Трактир помещался во втором этаже огромного дома, и в него вела длинная широкая лестница. Нам отвели крохотную, полутемную каморку, два рала в день подавали чай, в полдень обед и поздно вечером ужин.

Днем почти нечего было делать — трактир пустовал, и только по временам приходила пить чай большая компания восточных купцов. Они все были одеты в дорогие национальные костюмы яркого цвета, ходили в калошах и ичигах из зеленого сафьяна и не снимали с бритых голов дорогих тюбетеек, густо расшитых золотом и серебром. Все на них блестело и шелестело. Они были важные, молчаливые, медлительные и говорили на странном, гортанном языке. Им подавали на большом подносе фарфоровые чашечки, низенькие и широкие, похожие на тюбетейки, и они медленно и долго пили из них густой чай. В нашей музыке они не нуждались.

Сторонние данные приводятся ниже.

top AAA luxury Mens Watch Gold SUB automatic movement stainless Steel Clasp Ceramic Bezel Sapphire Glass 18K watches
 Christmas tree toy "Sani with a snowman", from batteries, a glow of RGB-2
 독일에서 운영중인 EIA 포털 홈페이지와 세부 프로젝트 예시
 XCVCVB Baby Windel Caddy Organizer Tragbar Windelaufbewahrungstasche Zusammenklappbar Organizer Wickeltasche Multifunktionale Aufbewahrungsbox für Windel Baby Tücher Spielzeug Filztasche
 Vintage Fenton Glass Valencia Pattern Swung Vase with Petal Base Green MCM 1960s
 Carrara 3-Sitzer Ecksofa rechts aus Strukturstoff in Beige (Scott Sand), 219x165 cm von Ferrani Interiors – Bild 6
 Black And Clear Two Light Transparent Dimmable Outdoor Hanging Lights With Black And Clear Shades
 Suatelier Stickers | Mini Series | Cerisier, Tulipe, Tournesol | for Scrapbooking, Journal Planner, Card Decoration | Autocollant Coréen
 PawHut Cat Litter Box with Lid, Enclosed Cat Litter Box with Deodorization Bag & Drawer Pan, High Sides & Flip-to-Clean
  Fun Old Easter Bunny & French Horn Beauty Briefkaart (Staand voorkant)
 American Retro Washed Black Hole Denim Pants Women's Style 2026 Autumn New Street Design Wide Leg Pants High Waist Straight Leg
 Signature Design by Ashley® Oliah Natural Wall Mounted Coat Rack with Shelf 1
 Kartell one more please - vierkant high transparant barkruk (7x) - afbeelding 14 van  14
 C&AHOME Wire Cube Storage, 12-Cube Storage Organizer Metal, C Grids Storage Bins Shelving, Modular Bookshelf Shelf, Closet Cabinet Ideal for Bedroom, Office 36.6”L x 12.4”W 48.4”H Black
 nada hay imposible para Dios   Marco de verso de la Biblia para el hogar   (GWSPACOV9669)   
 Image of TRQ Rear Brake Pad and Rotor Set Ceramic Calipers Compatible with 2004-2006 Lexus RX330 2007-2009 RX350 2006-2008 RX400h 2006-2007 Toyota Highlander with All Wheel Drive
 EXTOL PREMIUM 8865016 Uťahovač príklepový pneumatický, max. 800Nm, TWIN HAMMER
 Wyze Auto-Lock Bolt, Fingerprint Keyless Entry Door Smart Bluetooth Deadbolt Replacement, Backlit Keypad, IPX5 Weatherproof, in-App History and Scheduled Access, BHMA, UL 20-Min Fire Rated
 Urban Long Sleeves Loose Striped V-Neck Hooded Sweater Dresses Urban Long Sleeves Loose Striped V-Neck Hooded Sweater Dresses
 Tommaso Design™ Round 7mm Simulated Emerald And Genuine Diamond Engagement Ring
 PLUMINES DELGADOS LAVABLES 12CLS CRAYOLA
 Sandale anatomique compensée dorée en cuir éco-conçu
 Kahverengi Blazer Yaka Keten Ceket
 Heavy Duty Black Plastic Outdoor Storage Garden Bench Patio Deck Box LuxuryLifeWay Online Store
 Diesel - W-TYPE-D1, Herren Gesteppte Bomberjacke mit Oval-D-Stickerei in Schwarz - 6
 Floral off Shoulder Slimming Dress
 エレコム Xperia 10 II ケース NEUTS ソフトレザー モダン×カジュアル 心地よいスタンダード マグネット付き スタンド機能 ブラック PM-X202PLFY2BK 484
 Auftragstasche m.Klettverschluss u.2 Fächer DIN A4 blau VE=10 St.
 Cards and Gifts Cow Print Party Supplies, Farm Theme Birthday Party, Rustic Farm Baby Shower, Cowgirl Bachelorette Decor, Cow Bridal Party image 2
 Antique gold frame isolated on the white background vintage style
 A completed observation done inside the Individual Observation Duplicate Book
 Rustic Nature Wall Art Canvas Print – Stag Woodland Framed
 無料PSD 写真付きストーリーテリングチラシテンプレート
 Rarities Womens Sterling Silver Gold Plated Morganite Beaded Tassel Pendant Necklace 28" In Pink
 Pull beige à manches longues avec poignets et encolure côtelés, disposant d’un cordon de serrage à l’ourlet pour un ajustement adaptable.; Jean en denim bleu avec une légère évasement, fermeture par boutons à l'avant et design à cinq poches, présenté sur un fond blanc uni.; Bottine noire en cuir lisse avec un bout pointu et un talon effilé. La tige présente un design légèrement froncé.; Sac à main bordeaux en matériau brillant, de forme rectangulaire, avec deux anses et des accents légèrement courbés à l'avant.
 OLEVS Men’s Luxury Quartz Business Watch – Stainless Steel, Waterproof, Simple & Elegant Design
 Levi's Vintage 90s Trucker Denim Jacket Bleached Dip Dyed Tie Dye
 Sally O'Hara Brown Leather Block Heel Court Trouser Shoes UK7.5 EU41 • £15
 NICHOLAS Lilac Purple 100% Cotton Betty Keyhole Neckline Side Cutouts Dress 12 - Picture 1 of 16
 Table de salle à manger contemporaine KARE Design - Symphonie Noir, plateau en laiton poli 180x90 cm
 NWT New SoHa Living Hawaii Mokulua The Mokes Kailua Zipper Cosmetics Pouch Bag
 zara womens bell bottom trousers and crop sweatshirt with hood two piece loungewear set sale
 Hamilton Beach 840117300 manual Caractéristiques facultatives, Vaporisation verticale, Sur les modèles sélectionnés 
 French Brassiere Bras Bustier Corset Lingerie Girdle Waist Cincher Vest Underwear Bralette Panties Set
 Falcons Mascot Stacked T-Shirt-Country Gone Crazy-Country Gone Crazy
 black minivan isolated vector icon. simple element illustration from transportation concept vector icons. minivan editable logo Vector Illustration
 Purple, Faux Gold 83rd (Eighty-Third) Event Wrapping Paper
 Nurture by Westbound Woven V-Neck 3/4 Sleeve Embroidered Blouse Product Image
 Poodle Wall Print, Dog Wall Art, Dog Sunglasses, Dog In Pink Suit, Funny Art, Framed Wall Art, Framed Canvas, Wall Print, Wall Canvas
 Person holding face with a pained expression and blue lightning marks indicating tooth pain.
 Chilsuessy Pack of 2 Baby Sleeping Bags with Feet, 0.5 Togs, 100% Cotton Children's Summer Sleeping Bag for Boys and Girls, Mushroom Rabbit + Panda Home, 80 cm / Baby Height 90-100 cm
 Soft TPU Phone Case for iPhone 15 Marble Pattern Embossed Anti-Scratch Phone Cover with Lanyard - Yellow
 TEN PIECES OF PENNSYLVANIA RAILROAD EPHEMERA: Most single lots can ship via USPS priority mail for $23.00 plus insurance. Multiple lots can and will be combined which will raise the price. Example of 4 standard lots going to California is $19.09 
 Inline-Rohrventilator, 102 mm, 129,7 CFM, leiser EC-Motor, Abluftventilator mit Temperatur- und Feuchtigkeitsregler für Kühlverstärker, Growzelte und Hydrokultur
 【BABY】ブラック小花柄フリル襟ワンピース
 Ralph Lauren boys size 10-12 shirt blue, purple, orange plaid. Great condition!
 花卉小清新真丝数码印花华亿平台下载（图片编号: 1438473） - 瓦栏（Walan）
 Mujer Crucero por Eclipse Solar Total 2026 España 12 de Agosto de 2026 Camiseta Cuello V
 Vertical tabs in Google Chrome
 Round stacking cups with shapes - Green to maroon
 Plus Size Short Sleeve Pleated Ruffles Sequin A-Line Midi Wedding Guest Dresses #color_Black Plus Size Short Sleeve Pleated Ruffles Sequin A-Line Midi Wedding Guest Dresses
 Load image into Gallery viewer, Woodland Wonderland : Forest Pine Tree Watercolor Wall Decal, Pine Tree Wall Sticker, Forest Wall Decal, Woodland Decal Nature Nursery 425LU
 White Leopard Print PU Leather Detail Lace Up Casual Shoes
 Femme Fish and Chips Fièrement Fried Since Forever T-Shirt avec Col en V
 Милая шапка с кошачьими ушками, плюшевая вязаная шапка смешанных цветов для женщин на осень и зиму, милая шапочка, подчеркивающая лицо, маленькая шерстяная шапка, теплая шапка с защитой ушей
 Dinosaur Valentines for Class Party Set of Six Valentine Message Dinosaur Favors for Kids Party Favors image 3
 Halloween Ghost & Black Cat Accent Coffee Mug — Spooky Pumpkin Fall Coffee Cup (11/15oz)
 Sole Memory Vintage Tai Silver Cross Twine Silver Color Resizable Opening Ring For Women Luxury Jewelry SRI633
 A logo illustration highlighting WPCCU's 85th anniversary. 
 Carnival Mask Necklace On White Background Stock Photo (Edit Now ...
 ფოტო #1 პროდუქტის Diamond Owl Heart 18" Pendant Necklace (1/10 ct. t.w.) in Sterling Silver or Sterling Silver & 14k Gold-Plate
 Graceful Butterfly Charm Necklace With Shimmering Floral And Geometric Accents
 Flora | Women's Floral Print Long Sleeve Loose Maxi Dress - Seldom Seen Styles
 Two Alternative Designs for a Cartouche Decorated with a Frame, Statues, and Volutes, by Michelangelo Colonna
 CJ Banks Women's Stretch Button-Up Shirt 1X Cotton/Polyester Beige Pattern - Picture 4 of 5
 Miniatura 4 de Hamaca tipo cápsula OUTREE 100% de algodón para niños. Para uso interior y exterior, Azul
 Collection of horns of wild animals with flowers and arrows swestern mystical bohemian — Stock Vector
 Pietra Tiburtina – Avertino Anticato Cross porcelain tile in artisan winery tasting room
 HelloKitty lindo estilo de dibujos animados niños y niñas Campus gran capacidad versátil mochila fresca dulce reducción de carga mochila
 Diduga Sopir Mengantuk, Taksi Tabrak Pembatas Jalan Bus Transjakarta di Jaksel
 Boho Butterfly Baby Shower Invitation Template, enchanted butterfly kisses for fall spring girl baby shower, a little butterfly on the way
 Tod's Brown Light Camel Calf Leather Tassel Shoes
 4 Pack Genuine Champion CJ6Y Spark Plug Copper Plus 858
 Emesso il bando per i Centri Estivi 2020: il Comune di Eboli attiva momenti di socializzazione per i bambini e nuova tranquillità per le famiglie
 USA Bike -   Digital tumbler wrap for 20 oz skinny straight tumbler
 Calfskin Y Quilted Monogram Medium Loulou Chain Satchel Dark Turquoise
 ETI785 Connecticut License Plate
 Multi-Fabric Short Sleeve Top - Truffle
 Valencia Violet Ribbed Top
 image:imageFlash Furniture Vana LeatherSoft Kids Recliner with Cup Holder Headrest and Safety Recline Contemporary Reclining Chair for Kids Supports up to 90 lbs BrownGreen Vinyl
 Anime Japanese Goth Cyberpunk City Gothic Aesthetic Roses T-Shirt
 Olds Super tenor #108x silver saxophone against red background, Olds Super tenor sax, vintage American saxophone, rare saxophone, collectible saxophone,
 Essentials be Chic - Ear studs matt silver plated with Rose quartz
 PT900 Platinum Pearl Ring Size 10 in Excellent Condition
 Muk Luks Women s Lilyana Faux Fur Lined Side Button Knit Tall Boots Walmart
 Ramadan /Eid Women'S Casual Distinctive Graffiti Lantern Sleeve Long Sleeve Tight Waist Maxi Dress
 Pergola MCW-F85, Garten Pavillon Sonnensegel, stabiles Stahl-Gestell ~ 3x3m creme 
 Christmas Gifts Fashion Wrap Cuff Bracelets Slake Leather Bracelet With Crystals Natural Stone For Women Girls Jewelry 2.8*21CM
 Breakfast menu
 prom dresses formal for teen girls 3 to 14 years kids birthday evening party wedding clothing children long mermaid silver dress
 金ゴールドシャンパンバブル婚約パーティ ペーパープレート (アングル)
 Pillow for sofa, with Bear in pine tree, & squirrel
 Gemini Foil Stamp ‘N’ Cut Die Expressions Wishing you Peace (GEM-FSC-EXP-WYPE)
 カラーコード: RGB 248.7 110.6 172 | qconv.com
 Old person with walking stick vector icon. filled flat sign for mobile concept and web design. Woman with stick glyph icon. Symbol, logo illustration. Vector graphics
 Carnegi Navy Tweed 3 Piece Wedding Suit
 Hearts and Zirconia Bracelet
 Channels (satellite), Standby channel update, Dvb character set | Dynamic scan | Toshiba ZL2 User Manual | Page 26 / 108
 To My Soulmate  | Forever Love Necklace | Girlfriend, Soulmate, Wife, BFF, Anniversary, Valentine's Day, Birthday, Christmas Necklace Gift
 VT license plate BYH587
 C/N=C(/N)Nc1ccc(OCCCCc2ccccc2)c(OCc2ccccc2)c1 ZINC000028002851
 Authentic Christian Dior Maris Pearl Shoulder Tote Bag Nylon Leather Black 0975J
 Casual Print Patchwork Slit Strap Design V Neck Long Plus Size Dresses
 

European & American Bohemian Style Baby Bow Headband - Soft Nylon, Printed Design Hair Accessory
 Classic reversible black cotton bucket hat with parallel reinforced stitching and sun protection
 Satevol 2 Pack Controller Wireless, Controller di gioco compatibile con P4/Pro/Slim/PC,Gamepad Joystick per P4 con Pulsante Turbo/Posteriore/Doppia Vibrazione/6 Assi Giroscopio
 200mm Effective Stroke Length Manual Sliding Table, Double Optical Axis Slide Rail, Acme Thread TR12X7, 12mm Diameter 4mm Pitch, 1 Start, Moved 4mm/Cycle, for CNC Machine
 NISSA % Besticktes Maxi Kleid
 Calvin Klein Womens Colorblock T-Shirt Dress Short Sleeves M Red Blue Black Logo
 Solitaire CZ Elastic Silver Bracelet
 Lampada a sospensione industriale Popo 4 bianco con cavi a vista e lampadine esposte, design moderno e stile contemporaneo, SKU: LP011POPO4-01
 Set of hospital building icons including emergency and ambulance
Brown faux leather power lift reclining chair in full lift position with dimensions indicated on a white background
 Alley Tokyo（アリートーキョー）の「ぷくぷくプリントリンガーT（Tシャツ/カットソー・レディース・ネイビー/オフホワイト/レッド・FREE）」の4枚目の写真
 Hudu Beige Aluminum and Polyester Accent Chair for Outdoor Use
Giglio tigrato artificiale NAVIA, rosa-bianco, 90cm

Днем отец обыкновенно разучивал для себя новые мотивы, слышанные им на ярмарке. У него был хороший слух и большая память, и он уже играл на своих гуслях все марши, польки и всевозможные отрывки из опер и опереток, усвоенные им от здешних бродячих музыкантов. Играл он и нежно-печальные, одного характера, нижегородские народные напевы, неумолчно звучавшие в воздухе.

Вся ярмарка прежде всего гудела здесь песнями: они носились в воздухе, лезли в уши, запечатлевались в памяти. Эти мелодичные нижегородские песни, в которых неизменно воспевались любовь и разлука, до сих пор звучат у меня в ушах; они особенно хорошо выходили на нежных гусельных струнах.

Отец разучивал эти песни и даже, кажется, сочинял свои, а я в это время упивался чтением лубочной книги, купленной за пятак. Этот пятак я ежедневно стал требовать у отца, помня его обещание. Он сначала давал охотно, но потом стал отказывать и сердиться.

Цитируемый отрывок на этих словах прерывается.